Could you print all the entries below exactly as they appear, omitting the pictures?

------ RECORDS PROVIDED ------

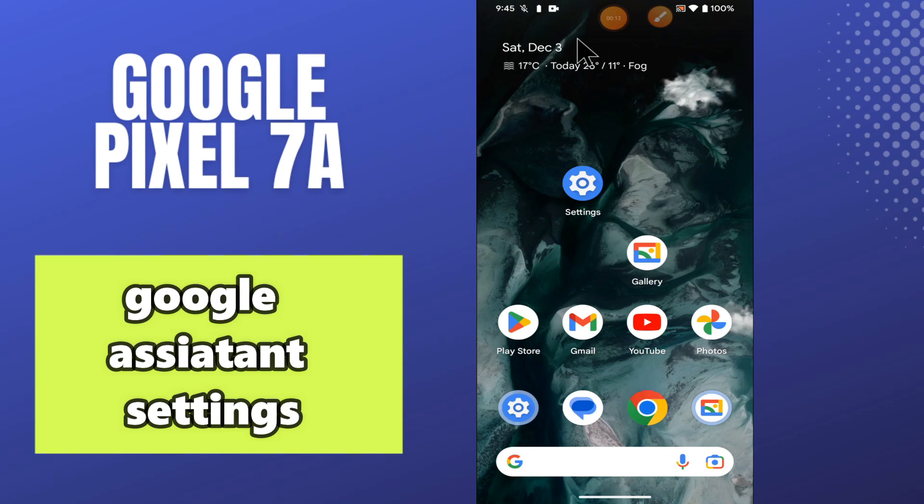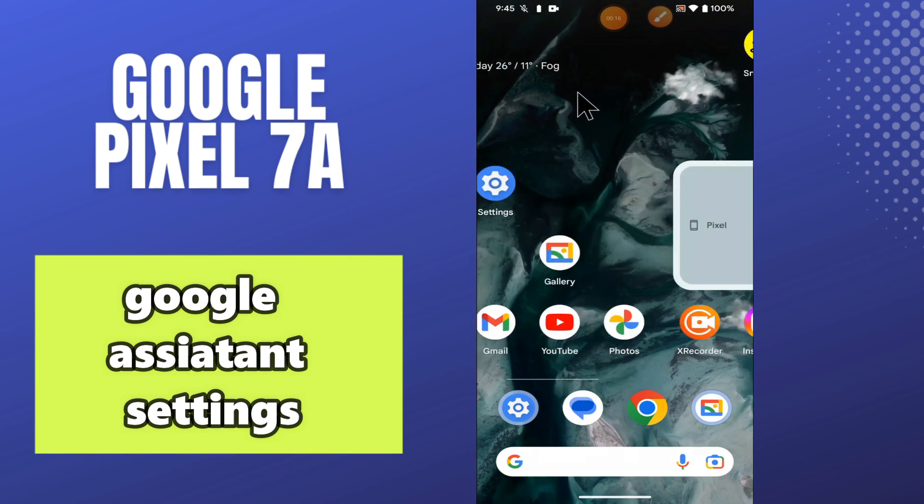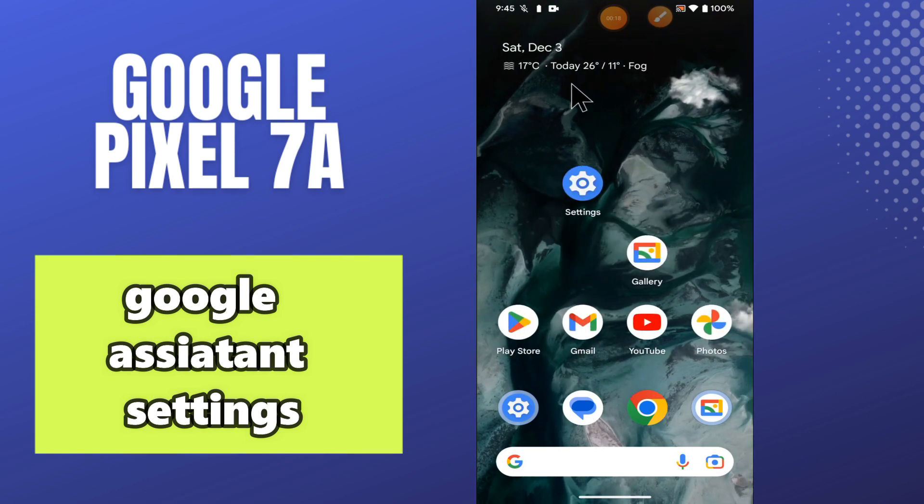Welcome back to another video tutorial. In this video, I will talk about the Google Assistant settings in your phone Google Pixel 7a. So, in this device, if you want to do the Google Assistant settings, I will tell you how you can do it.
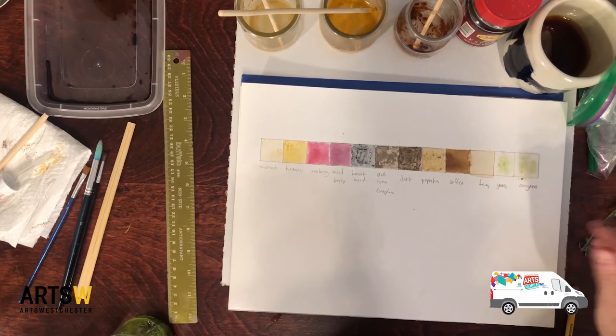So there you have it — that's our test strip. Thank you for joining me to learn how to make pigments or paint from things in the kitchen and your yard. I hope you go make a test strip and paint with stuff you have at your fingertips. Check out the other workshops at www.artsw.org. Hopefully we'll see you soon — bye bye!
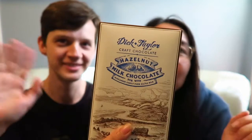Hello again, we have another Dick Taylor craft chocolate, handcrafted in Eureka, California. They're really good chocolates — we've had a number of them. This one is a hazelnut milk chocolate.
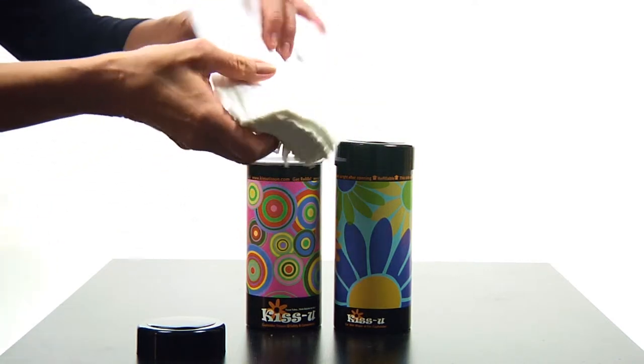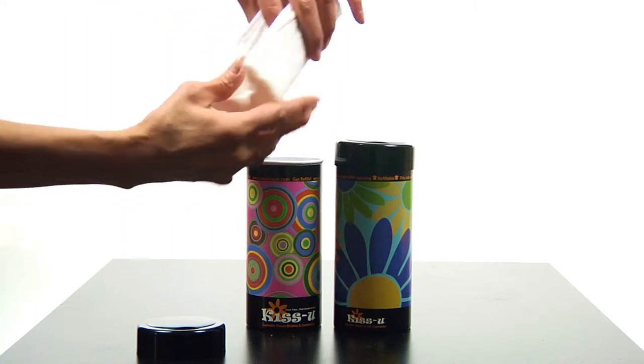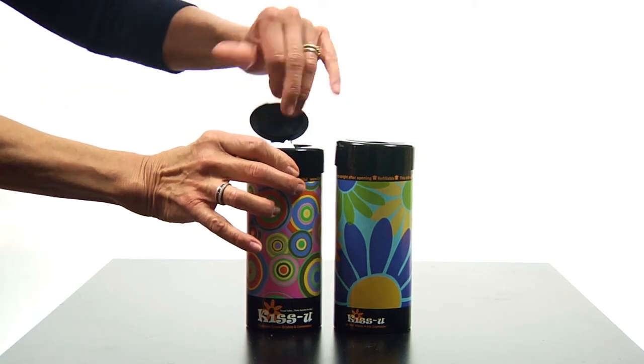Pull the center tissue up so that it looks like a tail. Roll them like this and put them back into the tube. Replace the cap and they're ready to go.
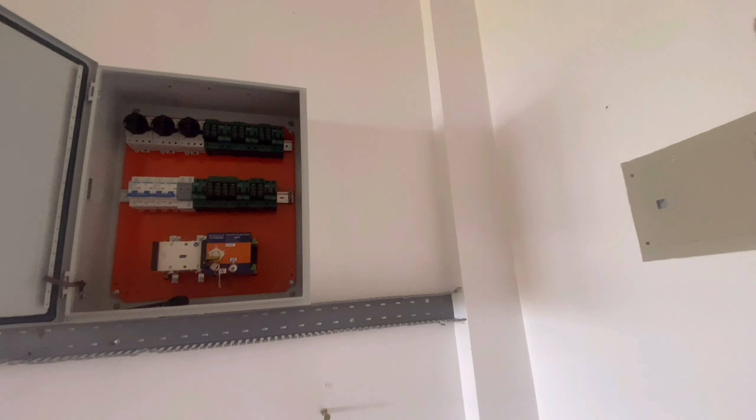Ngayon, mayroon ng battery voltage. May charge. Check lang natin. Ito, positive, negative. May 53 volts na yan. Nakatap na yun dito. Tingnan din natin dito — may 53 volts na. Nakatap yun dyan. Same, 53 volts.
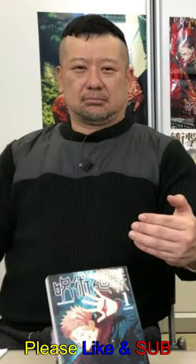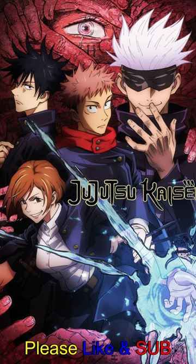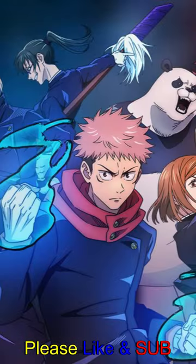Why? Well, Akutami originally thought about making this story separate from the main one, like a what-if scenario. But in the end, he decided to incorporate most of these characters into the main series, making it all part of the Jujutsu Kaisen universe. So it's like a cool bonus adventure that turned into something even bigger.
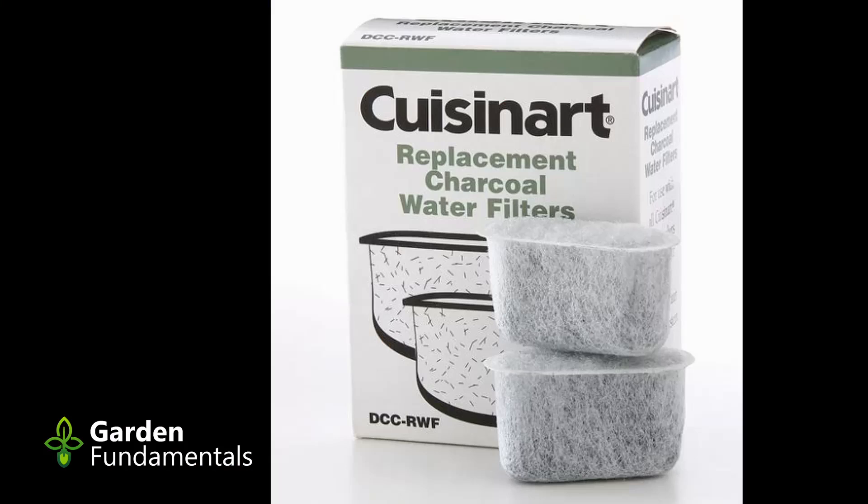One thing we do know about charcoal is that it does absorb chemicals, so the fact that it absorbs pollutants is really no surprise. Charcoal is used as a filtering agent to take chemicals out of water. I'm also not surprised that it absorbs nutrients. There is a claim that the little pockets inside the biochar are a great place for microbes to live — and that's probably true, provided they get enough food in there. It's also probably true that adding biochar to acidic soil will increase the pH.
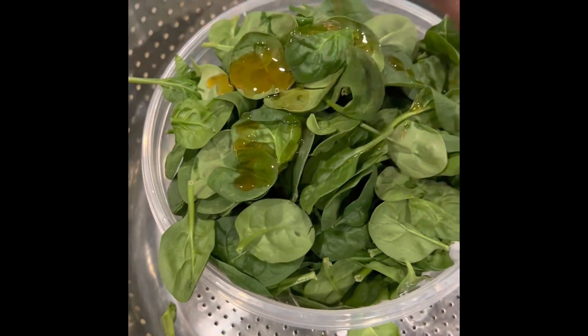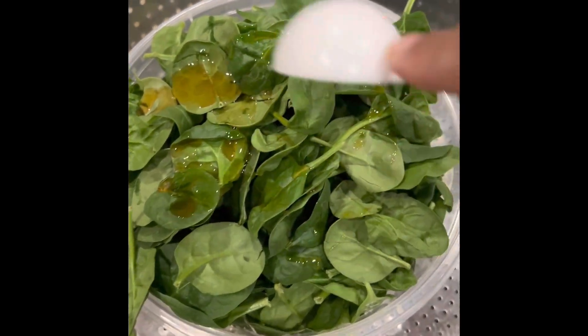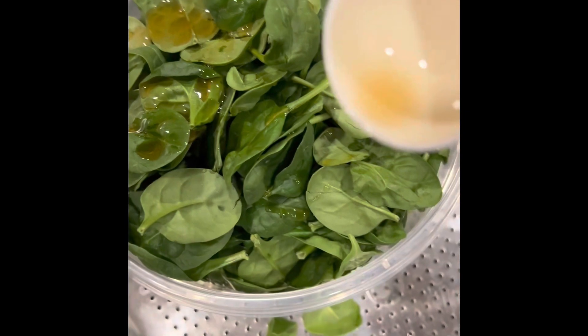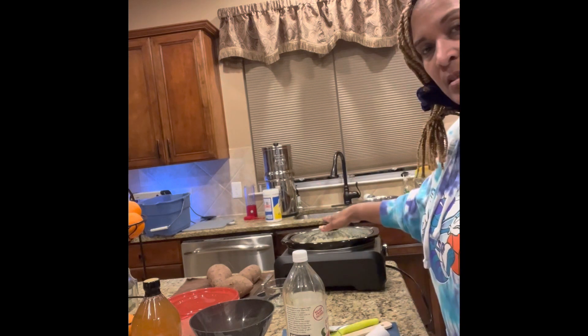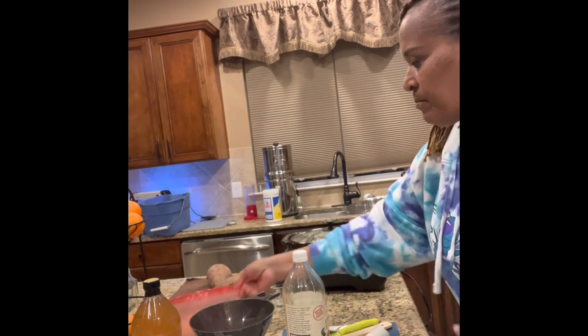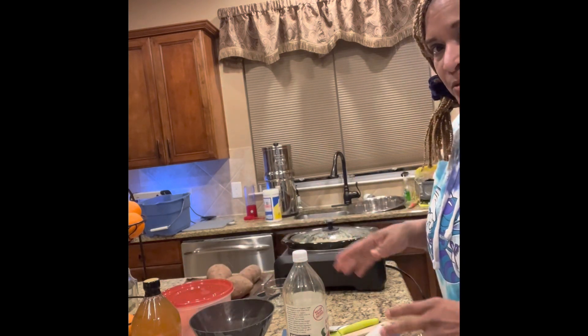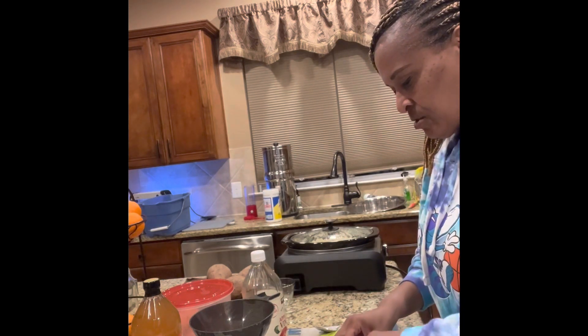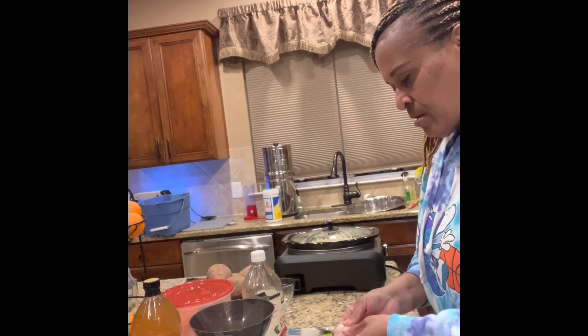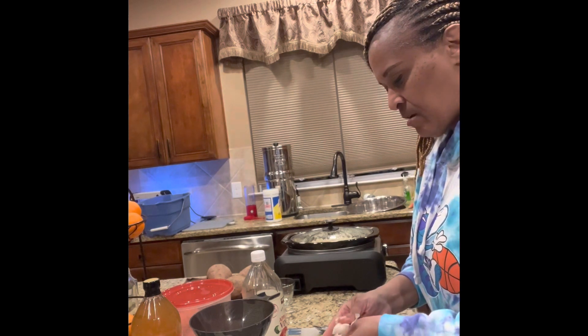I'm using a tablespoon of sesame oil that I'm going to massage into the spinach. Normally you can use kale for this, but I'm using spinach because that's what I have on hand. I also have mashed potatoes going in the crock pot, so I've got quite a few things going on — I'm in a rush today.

------

:: ANSWER BELOW ::
Welcome back to another video tutorial. In this video, I will talk about the Google Assistant settings in your phone Google Pixel 7a. So, in this device, if you want to do the Google Assistant settings, I will tell you how you can do it.
So there you have it — that's our test strip. Thank you for joining me to learn how to make pigments or paint from things in the kitchen and your yard. I hope you go make a test strip and paint with stuff you have at your fingertips. Check out the other workshops at www.artsw.org. Hopefully we'll see you soon — bye bye!
Hello again, we have another Dick Taylor craft chocolate, handcrafted in Eureka, California. They're really good chocolates — we've had a number of them. This one is a hazelnut milk chocolate.
Pull the center tissue up so that it looks like a tail. Roll them like this and put them back into the tube. Replace the cap and they're ready to go.
Ngayon, mayroon ng battery voltage. May charge. Check lang natin. Ito, positive, negative. May 53 volts na yan. Nakatap na yun dito. Tingnan din natin dito — may 53 volts na. Nakatap yun dyan. Same, 53 volts.
Why? Well, Akutami originally thought about making this story separate from the main one, like a what-if scenario. But in the end, he decided to incorporate most of these characters into the main series, making it all part of the Jujutsu Kaisen universe. So it's like a cool bonus adventure that turned into something even bigger.
One thing we do know about charcoal is that it does absorb chemicals, so the fact that it absorbs pollutants is really no surprise. Charcoal is used as a filtering agent to take chemicals out of water. I'm also not surprised that it absorbs nutrients. There is a claim that the little pockets inside the biochar are a great place for microbes to live — and that's probably true, provided they get enough food in there. It's also probably true that adding biochar to acidic soil will increase the pH.
I'm using a tablespoon of sesame oil that I'm going to massage into the spinach. Normally you can use kale for this, but I'm using spinach because that's what I have on hand. I also have mashed potatoes going in the crock pot, so I've got quite a few things going on — I'm in a rush today.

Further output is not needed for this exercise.